## ASSIGNMENT
Set down, exactly and only, everything from the line containing "Tales of A Shinning Sword" down to the line containing "F.Bahçe Halı'yı süpürdü! F.Bahçe" in the data below; the pictures are not part of the copy.

*** DATA PROVIDED ***

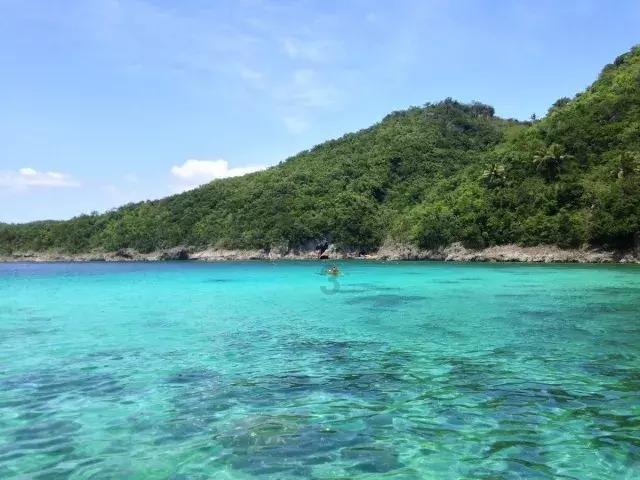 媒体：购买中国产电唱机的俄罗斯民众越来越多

*** End of DATA PROVIDED ***
*** DATA PROVIDED ***

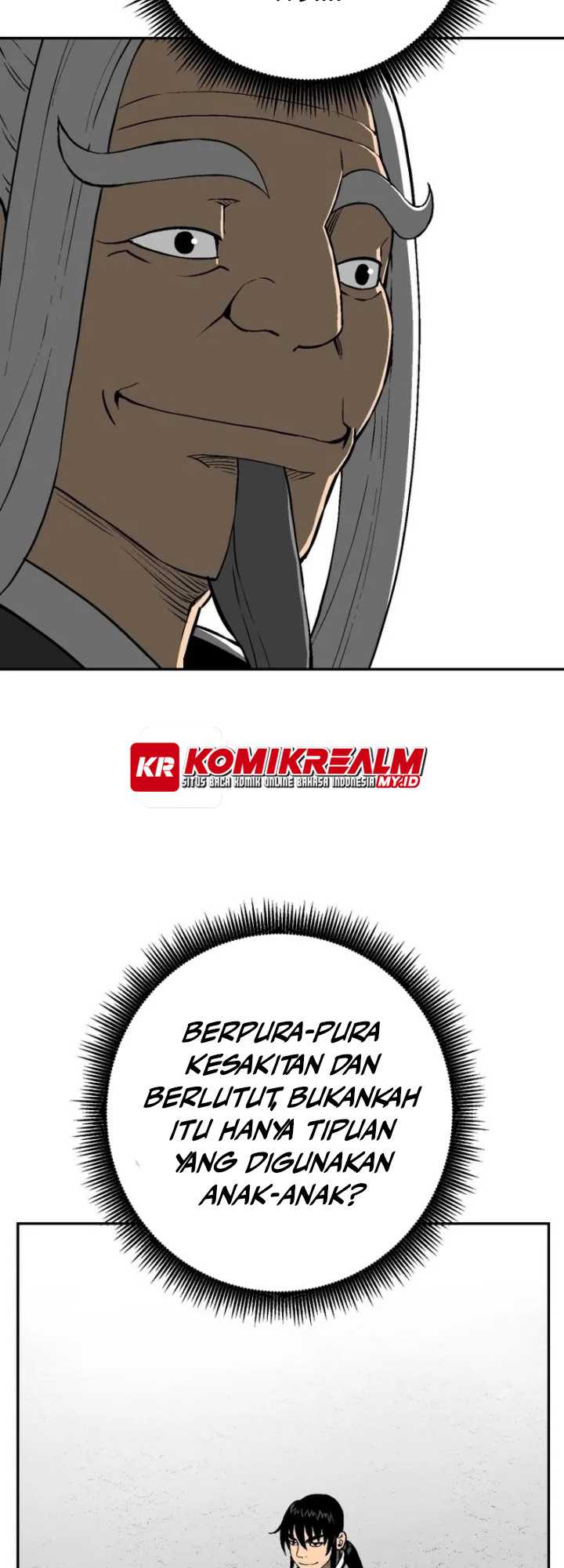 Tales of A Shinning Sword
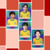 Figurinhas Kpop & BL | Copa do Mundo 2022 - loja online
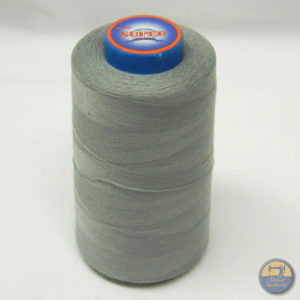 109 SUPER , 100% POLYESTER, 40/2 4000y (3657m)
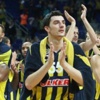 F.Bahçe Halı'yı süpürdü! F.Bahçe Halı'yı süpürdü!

*** End of DATA PROVIDED ***
*** DATA PROVIDED ***

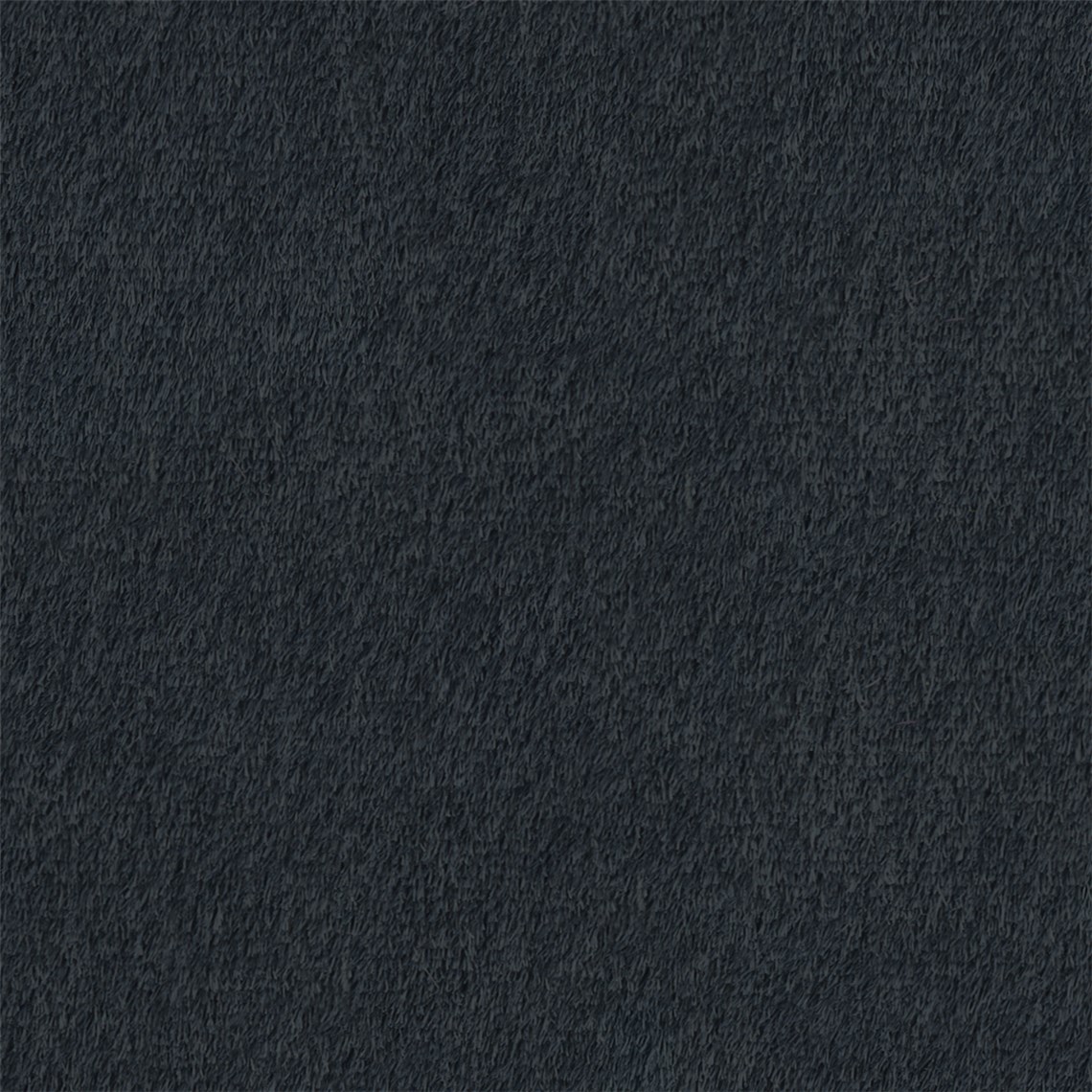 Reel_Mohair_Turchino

*** End of DATA PROVIDED ***

## RESULT FOR THIS TASK
 Tales of A Shinning Sword
 Figurinhas Kpop & BL | Copa do Mundo 2022 - loja online
 109 SUPER , 100% POLYESTER, 40/2 4000y (3657m)
 F.Bahçe Halı'yı süpürdü! F.Bahçe Halı'yı süpürdü!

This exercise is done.